-- Supplied material --
*** Block opens ***
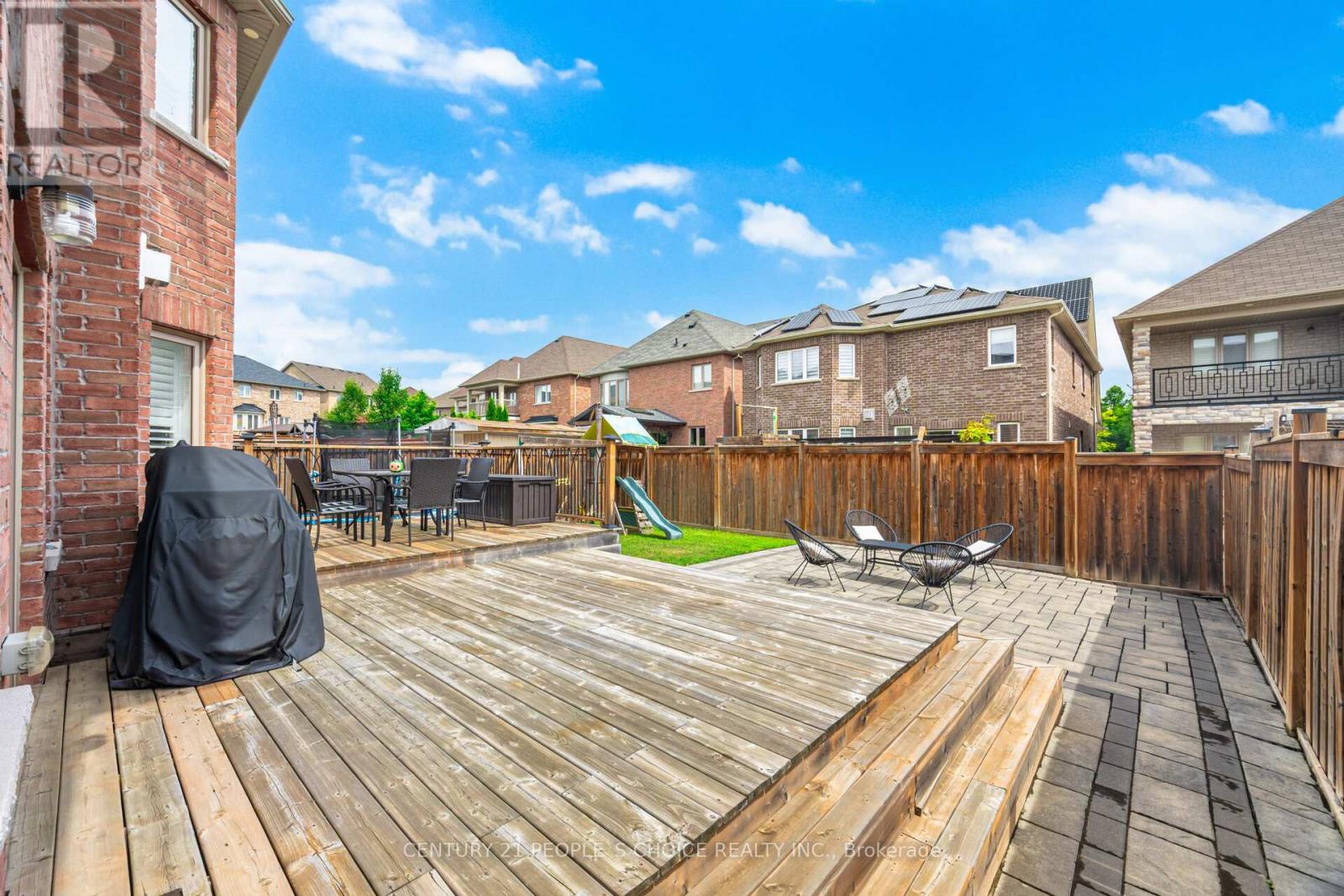 Photo 42 of 11 Vernosa Drive, Brampton ON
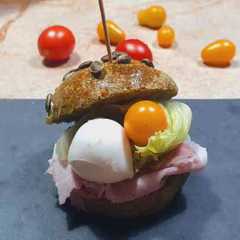 A picture of Burger buns agli spinaci.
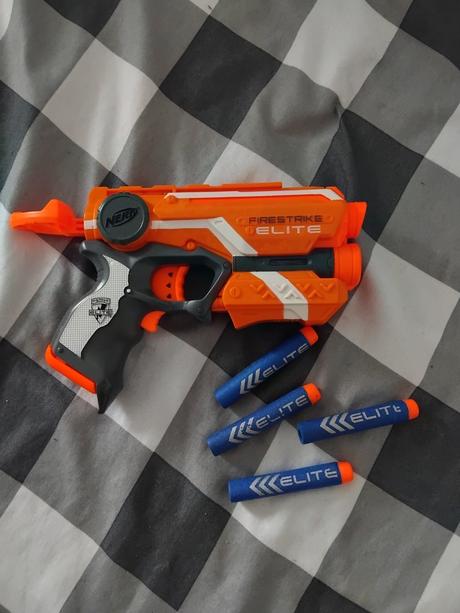 Nerf elite firestrike, 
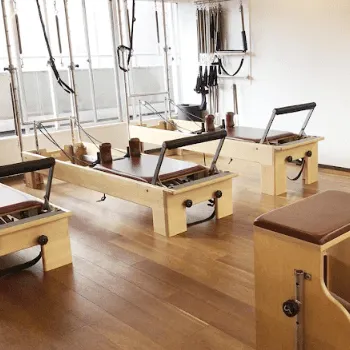 zen place pilates 台東区2店舗のピラティスのレッスンを受けるトレーニングルーム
*** Block closes ***
-- How to complete this task --
Would you write out the material above in full, exactly as given, except for its pictures?

-- Answer space --
 Photo 42 of 11 Vernosa Drive, Brampton ON
 A picture of Burger buns agli spinaci.
 Nerf elite firestrike, 
 zen place pilates 台東区2店舗のピラティスのレッスンを受けるトレーニングルーム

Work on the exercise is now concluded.